Exercise instructions:
Look through the data below and count each line where the word "white" appears. Reply with the count alone.

Task data:
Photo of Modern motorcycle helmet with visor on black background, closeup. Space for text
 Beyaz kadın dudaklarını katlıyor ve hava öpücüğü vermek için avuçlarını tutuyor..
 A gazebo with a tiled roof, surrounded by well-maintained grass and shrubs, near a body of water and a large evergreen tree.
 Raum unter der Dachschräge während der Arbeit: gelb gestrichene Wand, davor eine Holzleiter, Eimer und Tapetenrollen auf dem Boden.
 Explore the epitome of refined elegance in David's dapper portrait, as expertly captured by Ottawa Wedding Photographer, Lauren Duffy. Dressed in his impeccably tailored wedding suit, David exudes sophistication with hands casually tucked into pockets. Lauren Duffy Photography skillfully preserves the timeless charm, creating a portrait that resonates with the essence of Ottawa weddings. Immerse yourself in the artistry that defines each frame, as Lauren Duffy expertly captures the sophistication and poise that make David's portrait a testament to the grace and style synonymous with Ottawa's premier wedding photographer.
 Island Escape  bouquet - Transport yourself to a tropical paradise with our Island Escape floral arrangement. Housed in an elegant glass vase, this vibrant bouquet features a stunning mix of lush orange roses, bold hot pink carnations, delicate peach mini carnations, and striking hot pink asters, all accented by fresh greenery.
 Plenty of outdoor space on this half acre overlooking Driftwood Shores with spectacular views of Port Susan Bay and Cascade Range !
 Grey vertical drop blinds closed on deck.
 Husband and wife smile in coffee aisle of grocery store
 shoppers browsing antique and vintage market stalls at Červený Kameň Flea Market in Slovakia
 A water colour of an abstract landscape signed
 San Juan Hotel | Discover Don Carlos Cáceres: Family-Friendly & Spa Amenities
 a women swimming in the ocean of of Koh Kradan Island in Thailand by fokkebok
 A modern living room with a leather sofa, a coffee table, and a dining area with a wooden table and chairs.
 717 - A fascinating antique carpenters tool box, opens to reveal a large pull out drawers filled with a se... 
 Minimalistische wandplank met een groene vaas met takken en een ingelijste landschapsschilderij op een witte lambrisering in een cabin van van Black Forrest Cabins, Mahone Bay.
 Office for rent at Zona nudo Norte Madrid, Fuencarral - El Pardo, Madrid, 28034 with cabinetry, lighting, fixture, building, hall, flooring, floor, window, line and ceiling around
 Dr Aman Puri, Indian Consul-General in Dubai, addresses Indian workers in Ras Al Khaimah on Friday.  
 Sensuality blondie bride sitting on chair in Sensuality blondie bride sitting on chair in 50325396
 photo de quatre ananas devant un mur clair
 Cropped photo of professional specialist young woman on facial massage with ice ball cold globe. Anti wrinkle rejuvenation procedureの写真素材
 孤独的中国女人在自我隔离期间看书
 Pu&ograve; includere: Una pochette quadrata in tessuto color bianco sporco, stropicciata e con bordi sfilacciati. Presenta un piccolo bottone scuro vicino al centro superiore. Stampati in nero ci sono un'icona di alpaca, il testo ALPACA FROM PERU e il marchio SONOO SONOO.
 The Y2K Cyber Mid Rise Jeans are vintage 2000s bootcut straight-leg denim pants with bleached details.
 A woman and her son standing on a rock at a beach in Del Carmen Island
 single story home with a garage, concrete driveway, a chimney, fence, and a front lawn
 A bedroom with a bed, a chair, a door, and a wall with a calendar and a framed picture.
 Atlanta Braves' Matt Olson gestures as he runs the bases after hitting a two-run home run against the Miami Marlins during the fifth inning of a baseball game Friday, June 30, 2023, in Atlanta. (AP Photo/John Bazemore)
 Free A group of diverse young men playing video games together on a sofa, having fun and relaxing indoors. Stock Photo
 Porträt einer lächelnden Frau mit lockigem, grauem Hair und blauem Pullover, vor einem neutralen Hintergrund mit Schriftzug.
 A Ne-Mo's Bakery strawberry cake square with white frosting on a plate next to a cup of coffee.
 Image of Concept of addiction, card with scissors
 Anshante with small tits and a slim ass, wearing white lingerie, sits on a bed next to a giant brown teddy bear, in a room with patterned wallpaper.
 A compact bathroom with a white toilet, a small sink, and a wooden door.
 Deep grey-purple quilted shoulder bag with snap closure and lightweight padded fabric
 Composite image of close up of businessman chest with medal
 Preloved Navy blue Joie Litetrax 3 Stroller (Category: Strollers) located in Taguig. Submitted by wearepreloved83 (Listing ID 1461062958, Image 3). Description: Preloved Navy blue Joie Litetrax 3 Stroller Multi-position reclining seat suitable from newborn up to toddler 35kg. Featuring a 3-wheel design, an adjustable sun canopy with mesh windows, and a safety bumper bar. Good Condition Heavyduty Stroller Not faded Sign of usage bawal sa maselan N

Answer space:
3